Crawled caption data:
= = = =

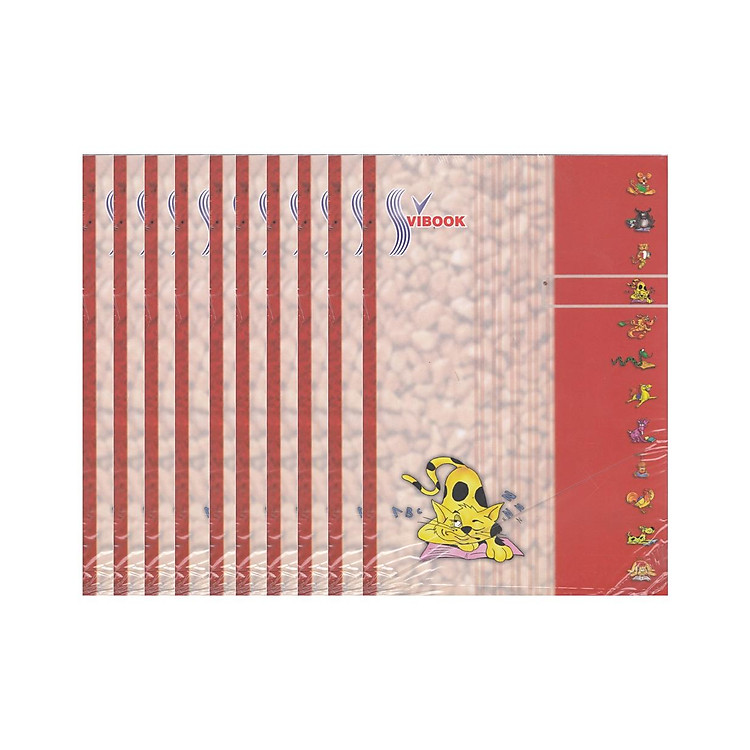 Cuốn Tập Sinh Viên Vibook (96 trang)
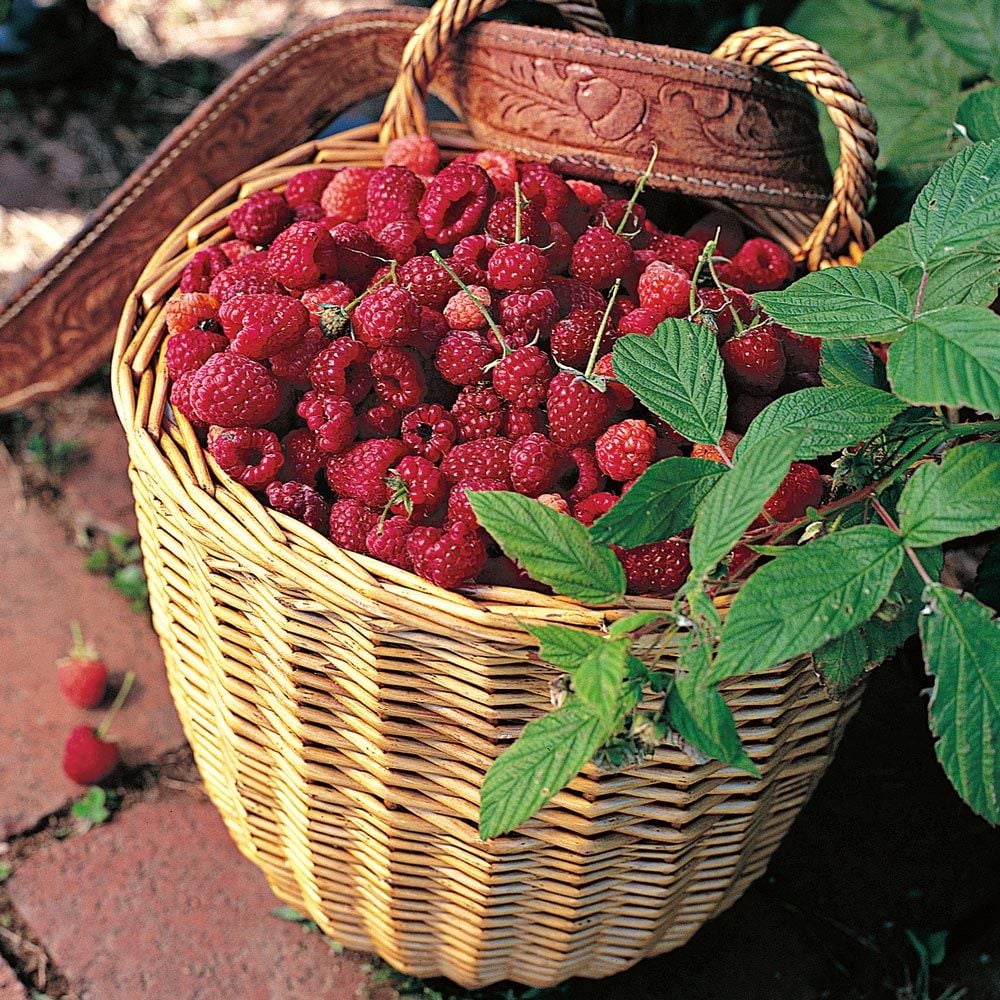 Raspberry Sampler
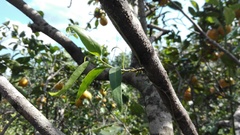 Struthanthus quercicola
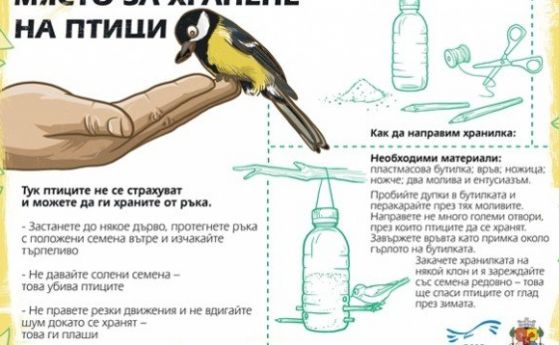 Алея на птиците откриват в Борисовата градина днес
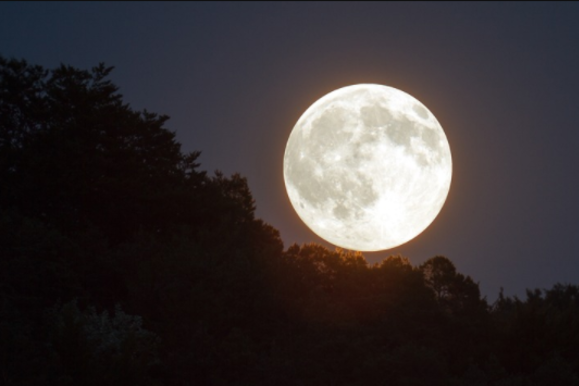 020076xd-d866-579x386.png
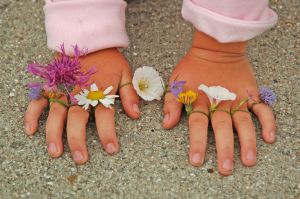 Midt på sommeren er der masser af blomster - og blomsterringe til alle som har lyst. Karoline her har hænderne fulde af strandengens blomster: knopurt, blåmunke, kongepen, kamille, snerle og måske cikorie. Foto: Jørn Kildal.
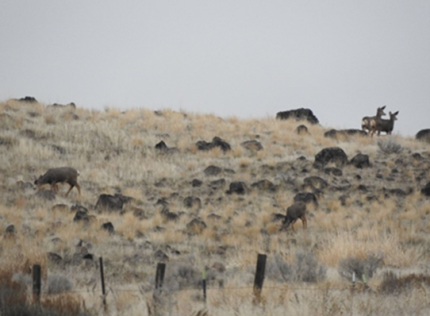 Deer on a hill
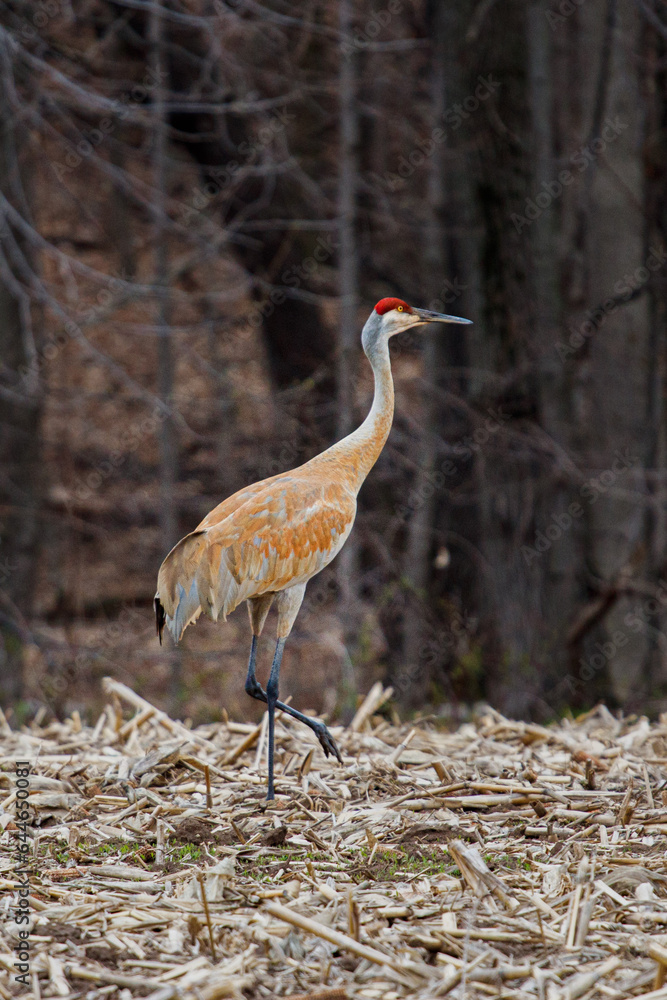 Fototapeta premium Sandhill Crane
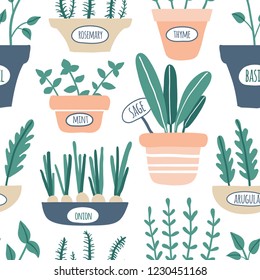 Kitchen herbs seamless pattern. Green growing sage, rosemary, mint, thyme, arugula, onion with labels. Culinary herbs in pots. Gardening. Vector hand drawn illustration
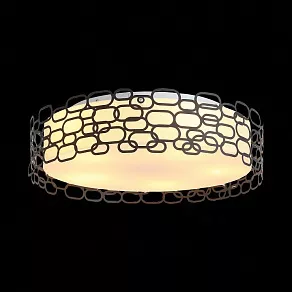 Накладной светильник ST-Luce Ciatura SL304.402.05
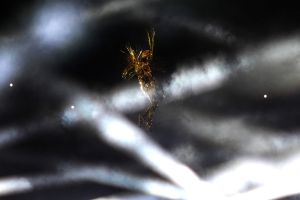 cerimonia chiusura dsc07355 luca pagliaricci ph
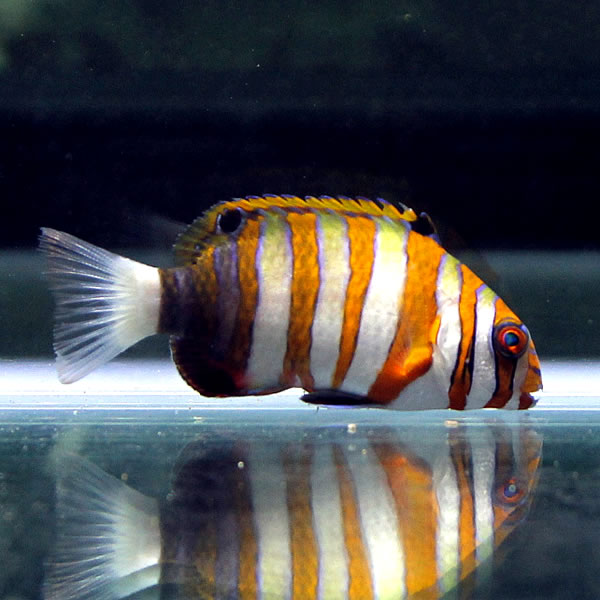 シチセンベラ 6-9cm± 海水魚 ベラ! 15時までのご注文で当日発送(t122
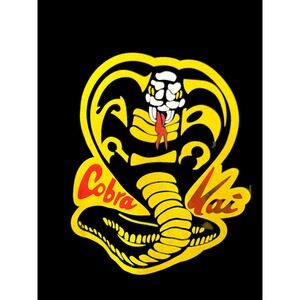 Cobra Kai Graphic T-Shirt Netflix TV Show Logo Tee‎ XL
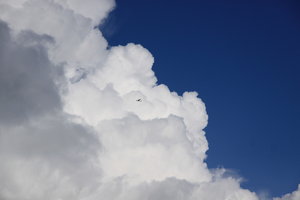 Vliegtuig in de Wolken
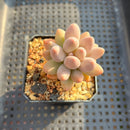 Pachyphytum 'Pink Lover' 2” Succulent Plant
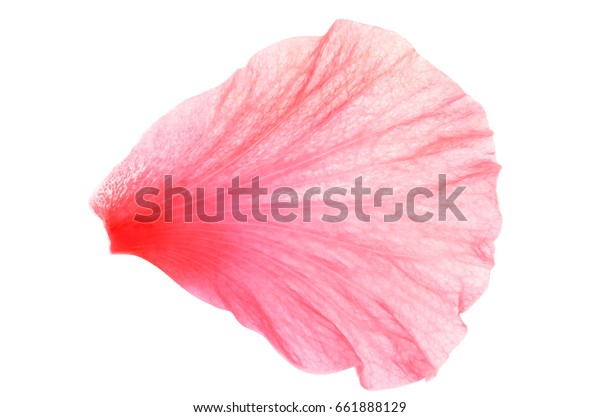 白い背景にピンクのハイビスカスまたは中国のバラの花びらの接写画像 花柄 抽象的な葉のテクスチャー の写真素材 今すぐ編集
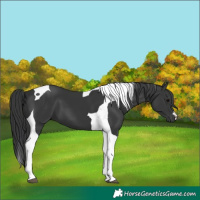Horse Color:Black Tobiano 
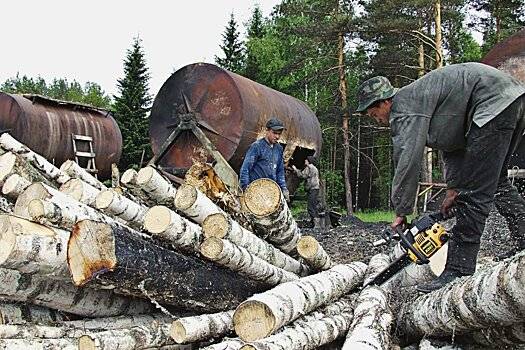 В СЗФО сосновые леса заменят березовыми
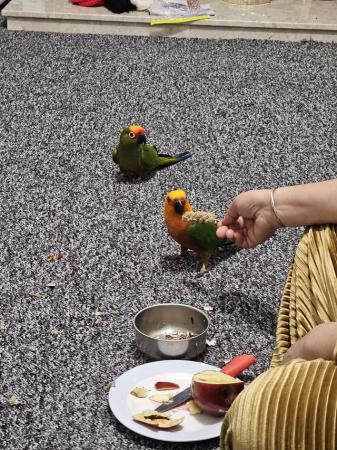 Image 6 of 1 year old gold cap conure and jenday conure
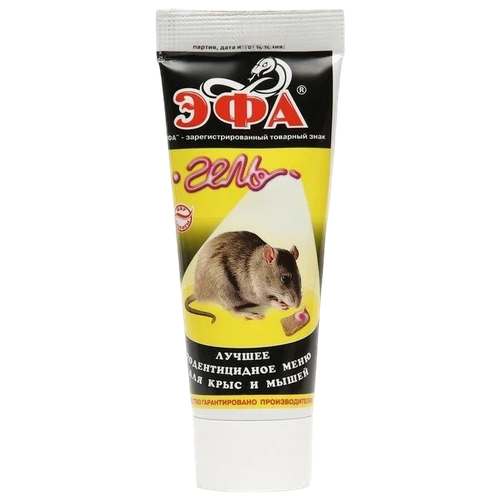 ������ ������ �������� ��� ���� �� ���� � �����, ����, 0.08 � ����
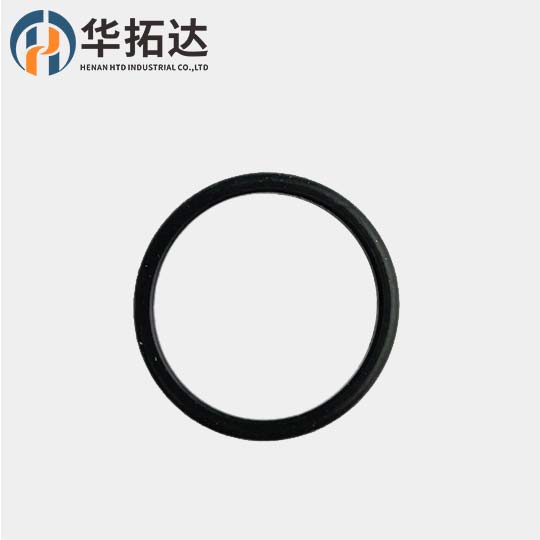 Cummins D Ring Seal 4995185F 4995185 for ISF/QSF e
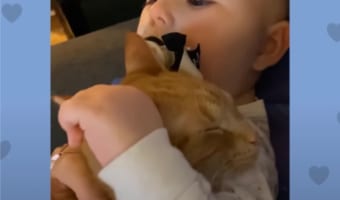 赤ちゃんと子猫の成長記。1ヶ月違いで生まれてきたふたりは、いつも一緒の仲良しきょうだいになりました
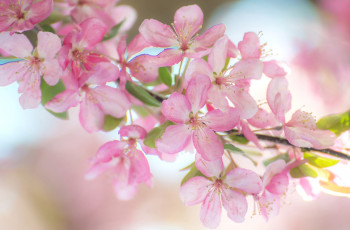 Картинка цветы цветущие+деревья+ +кустарники ветка весна розовый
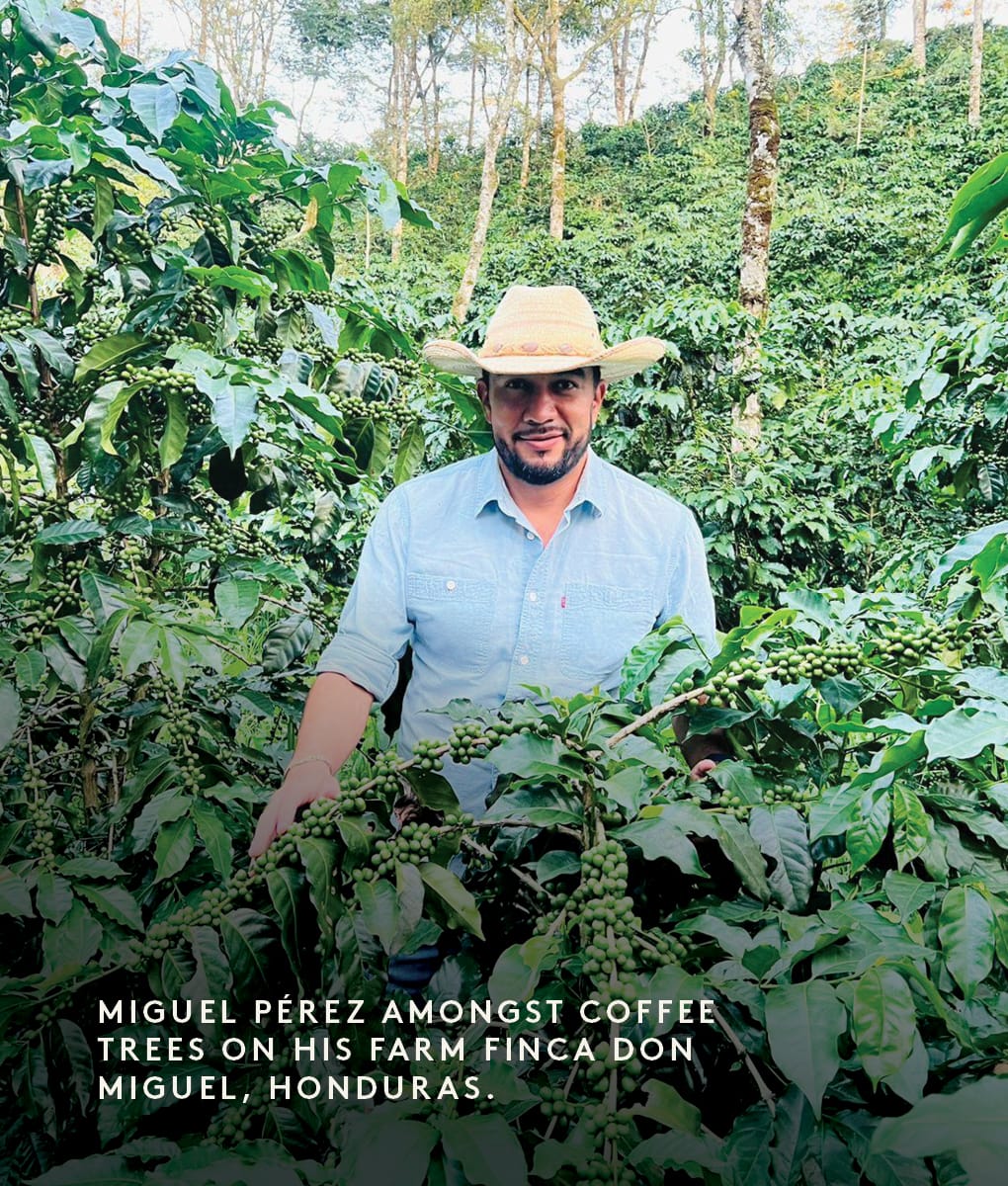 Miguel Pérez, Honduras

= = = =

What the task requires: Write out every record above exactly, leaving no picture in the result.

Problem solution:
 Cuốn Tập Sinh Viên Vibook (96 trang)
 Raspberry Sampler
 Struthanthus quercicola
 Алея на птиците откриват в Борисовата градина днес
 020076xd-d866-579x386.png
 Midt på sommeren er der masser af blomster - og blomsterringe til alle som har lyst. Karoline her har hænderne fulde af strandengens blomster: knopurt, blåmunke, kongepen, kamille, snerle og måske cikorie. Foto: Jørn Kildal.
 Deer on a hill
 Fototapeta premium Sandhill Crane
 Kitchen herbs seamless pattern. Green growing sage, rosemary, mint, thyme, arugula, onion with labels. Culinary herbs in pots. Gardening. Vector hand drawn illustration
 Накладной светильник ST-Luce Ciatura SL304.402.05
 cerimonia chiusura dsc07355 luca pagliaricci ph
 シチセンベラ 6-9cm± 海水魚 ベラ! 15時までのご注文で当日発送(t122
 Cobra Kai Graphic T-Shirt Netflix TV Show Logo Tee‎ XL
 Vliegtuig in de Wolken
 Pachyphytum 'Pink Lover' 2” Succulent Plant
 白い背景にピンクのハイビスカスまたは中国のバラの花びらの接写画像 花柄 抽象的な葉のテクスチャー の写真素材 今すぐ編集
Horse Color:Black Tobiano 
 В СЗФО сосновые леса заменят березовыми
 Image 6 of 1 year old gold cap conure and jenday conure
 ������ ������ �������� ��� ���� �� ���� � �����, ����, 0.08 � ����
 Cummins D Ring Seal 4995185F 4995185 for ISF/QSF e
 赤ちゃんと子猫の成長記。1ヶ月違いで生まれてきたふたりは、いつも一緒の仲良しきょうだいになりました
 Картинка цветы цветущие+деревья+ +кустарники ветка весна розовый
 Miguel Pérez, Honduras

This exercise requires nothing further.